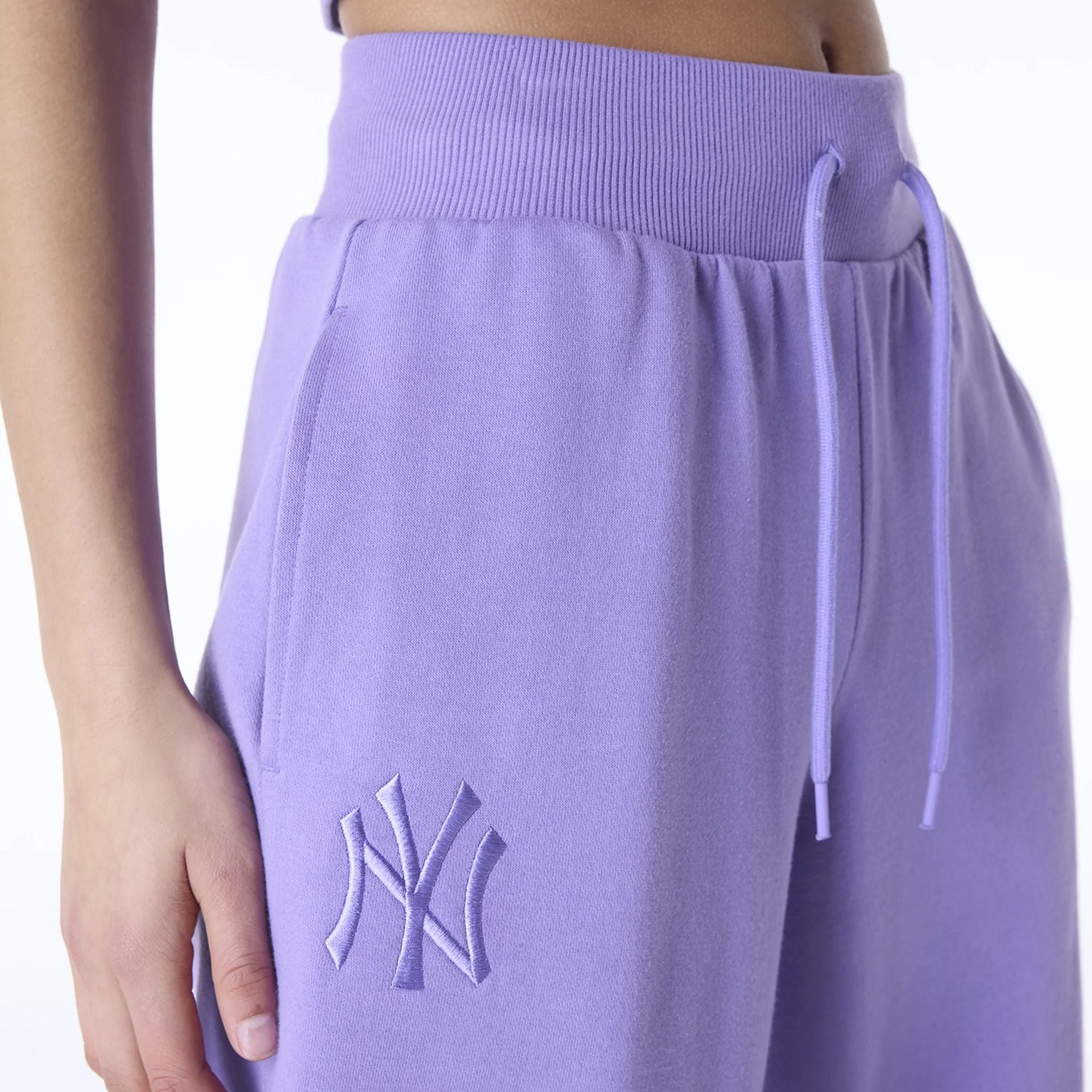 The Female model is wearing New York Yankees Womens MLB League Essential Purple Fleece Joggers 3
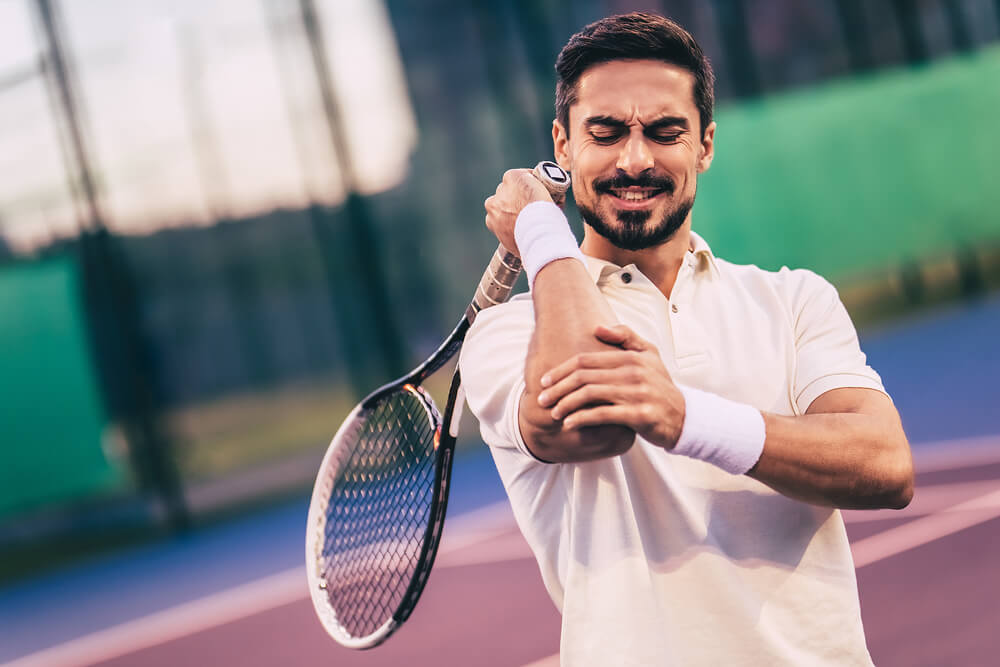 What causes elbow pain when bending and straightening my arm?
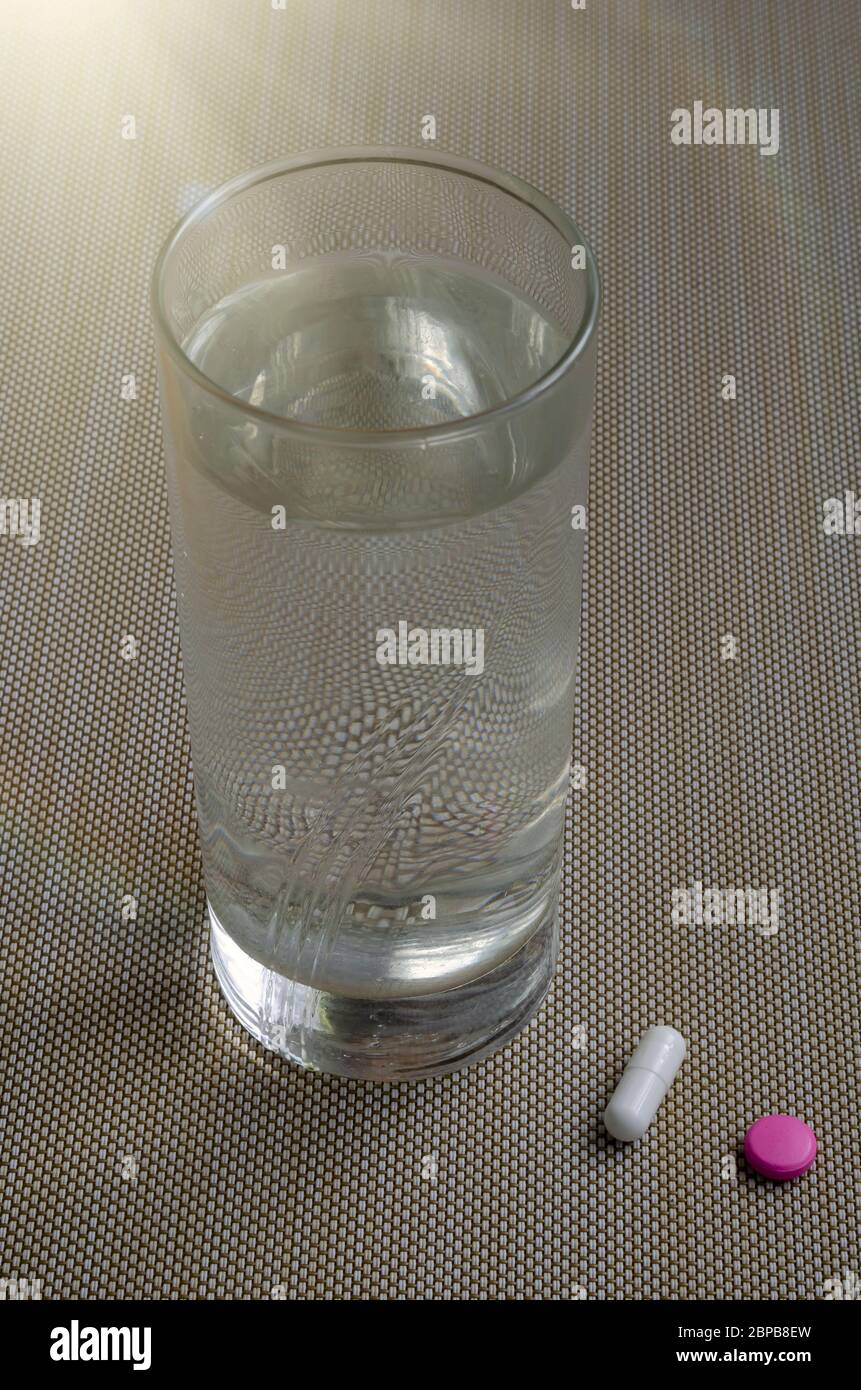 Pilules médicales et un verre d'eau sur fond beige texturé. Une pilule rose, une pilule blanche et un verre d'eau. Soins de santé, médicaments. Fermer Banque D'Images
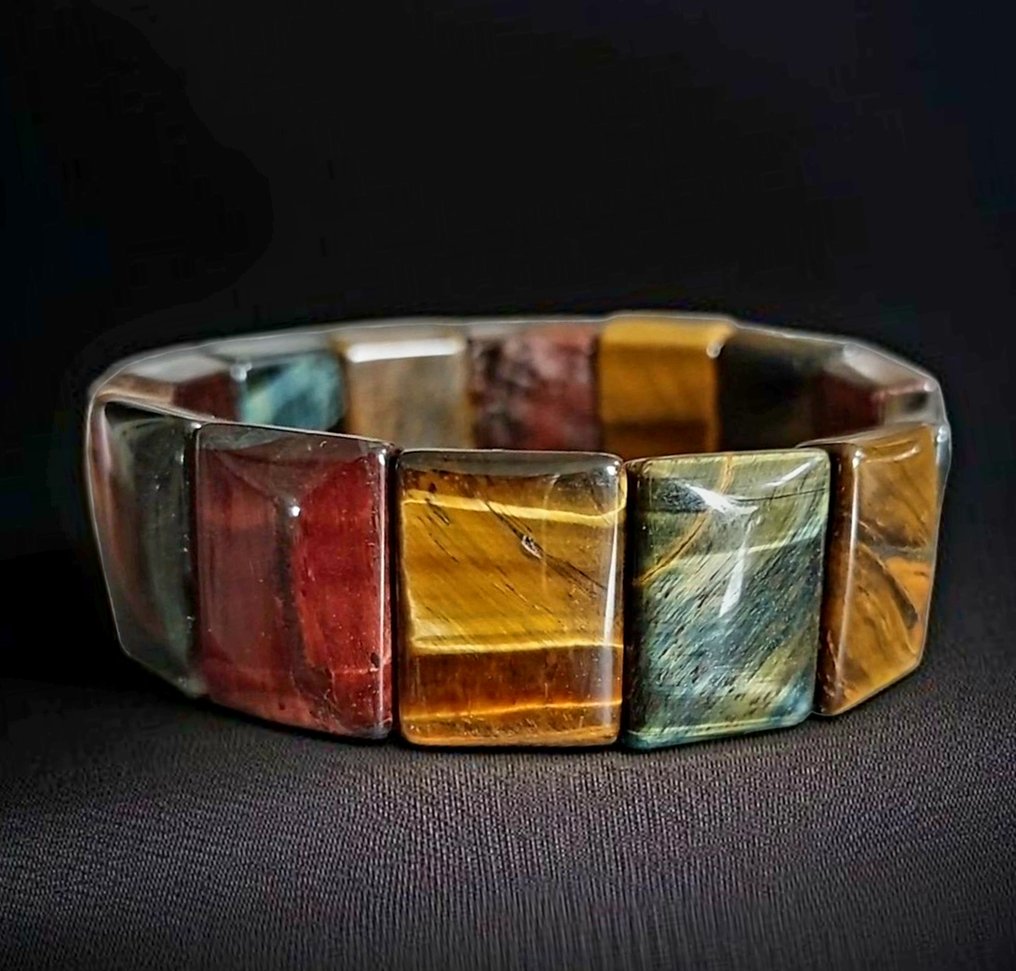 Bellissimo bracciale in occhio di tigre multicolore. Pietra veramente naturale non trattata, molto luminosa. - Altezza: 2 cm - Larghezza: 0.6 cm- 65 g #1.0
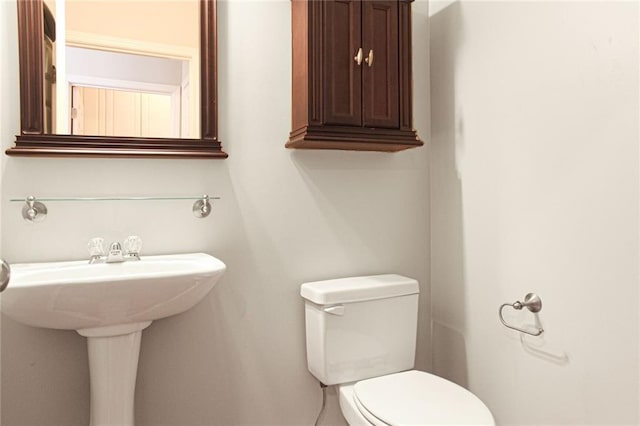 bathroom with sink and toilet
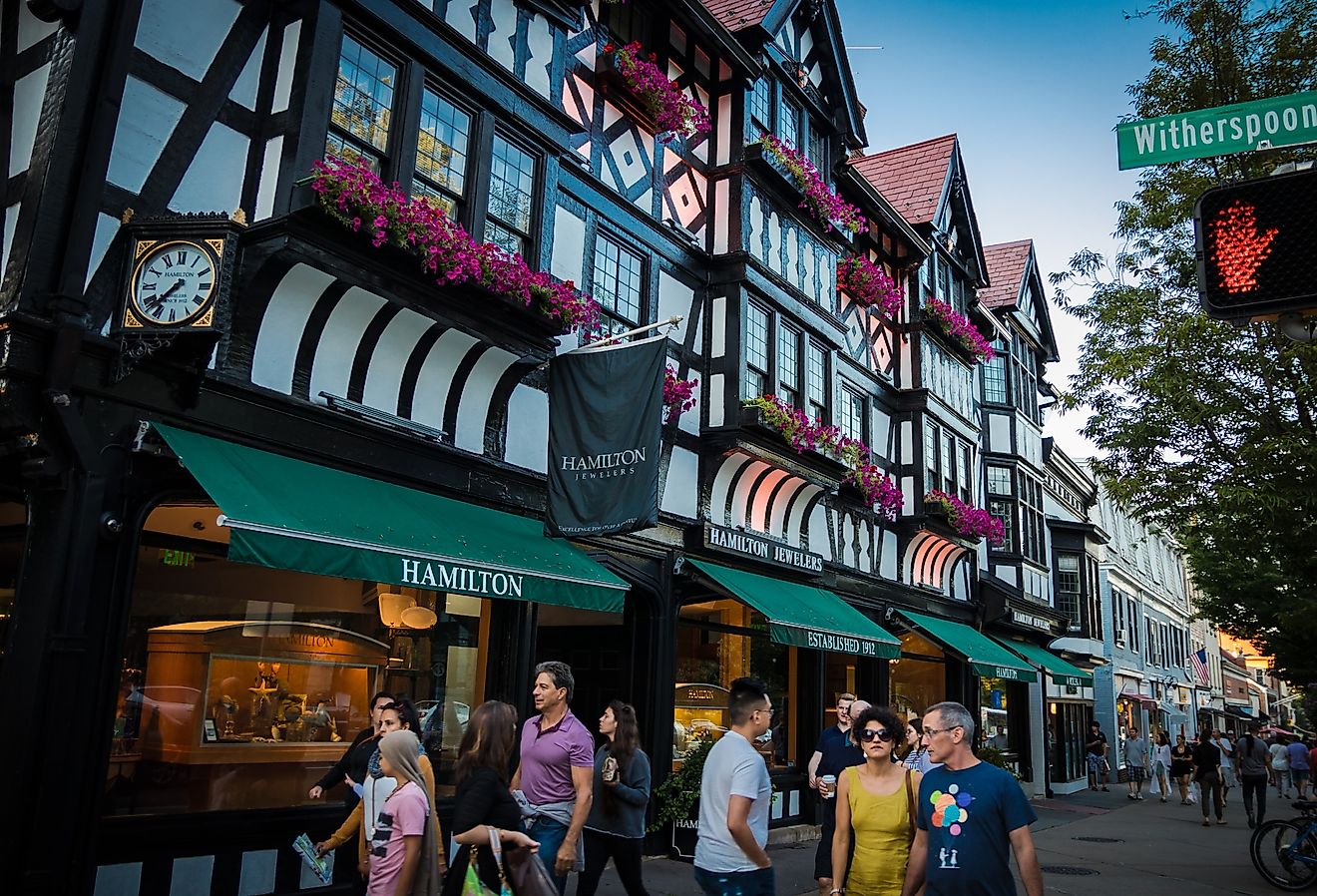 Shoppers and pedestrians near a Tudor-style building on Witherspoon Street in Princeton, New Jersey. Image credit Benjamin Clapp via Shutterstock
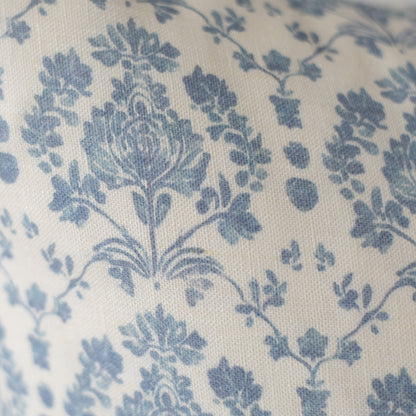 Blue floral and leaf pattern on cream linen fabric with textured weave.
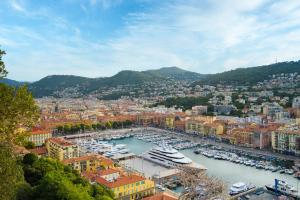a city with boats docked in a harbor at Le Campus Appartement in Nice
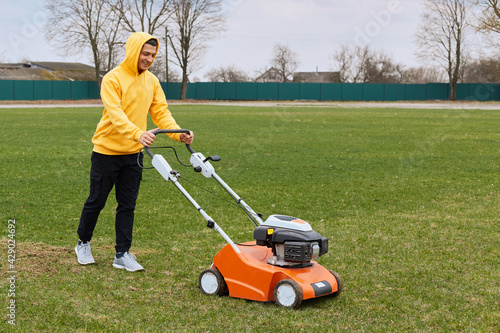 Happy smiling handsome man wearing yellow hoodie and black pants, trimming grass on field with grass-cutter, worker mow lawn with lawn mower, expressing positive emotions.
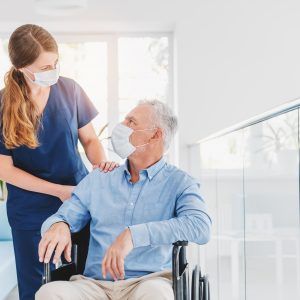 Young,Woman,Nurse,Explaining,Information,To,Man,Patient,In,Wheelchair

INSTRUCTIONS FOR THE TASK: From the records above, transcribe only the stretch from the line with "Blue floral and" through the line with "a city with", keeping both ends. Omit pictures.

SOLUTION:
 Blue floral and leaf pattern on cream linen fabric with textured weave.
a city with boats docked in a harbor at Le Campus Appartement in Nice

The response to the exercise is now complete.